Health and Recovery Operations¶

This guide covers production health checks and recovery operations: probe tuning, restart behavior, and incident response patterns.

Prerequisites¶

Application exposes a reliable health endpoint (for example, /health)
SRE runbook defines recovery time objective (RTO)

export RG="rg-aca-prod"
export APP_NAME="app-python-api-prod"
export ENVIRONMENT_NAME="aca-env-prod"

Health Probe Configuration¶

Configure startup, liveness, and readiness probes in your Container App template:

flowchart LR
    U[User Traffic] --> R[Readiness Probe]
    P[Platform Runtime] --> L[Liveness Probe]
    S[Container Startup] --> ST[Startup Probe]
    R --> D[Receives Requests]
    L --> E[Restart Decision]

Probe paths must reflect real dependency posture

If readiness requires unavailable downstream services, the app can stay unavailable even when the container is healthy. Separate process-health from dependency-health where appropriate.

az containerapp update \
  --name "$APP_NAME" \
  --resource-group "$RG" \
  --yaml "./infra/containerapp-health.yaml"
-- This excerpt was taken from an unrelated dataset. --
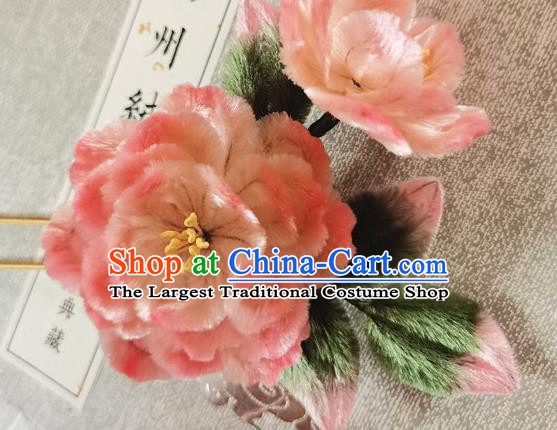China Classical Velvet Flowers Hair Stick Handmade Hair Accessories Traditional Cheongsam Pink Peony Hairpin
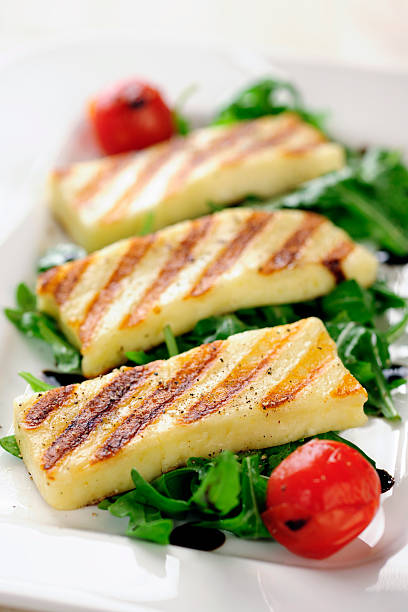 istock Grilled Halloumi cheese on rocket salad 157613784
Validate environment and platform-level status:

az resource show \
  --resource-group "$RG" \
  --resource-type "Microsoft.App/managedEnvironments" \
  --name "$ENVIRONMENT_NAME" \
  --output json

Restart and Recovery Workflows¶

Restart a revision when transient faults occur:

az containerapp revision restart \
  --name "$APP_NAME" \
  --resource-group "$RG" \
  --revision "${APP_NAME}--stable"

For persistent failures, roll traffic back to a healthy revision (see revisions guide).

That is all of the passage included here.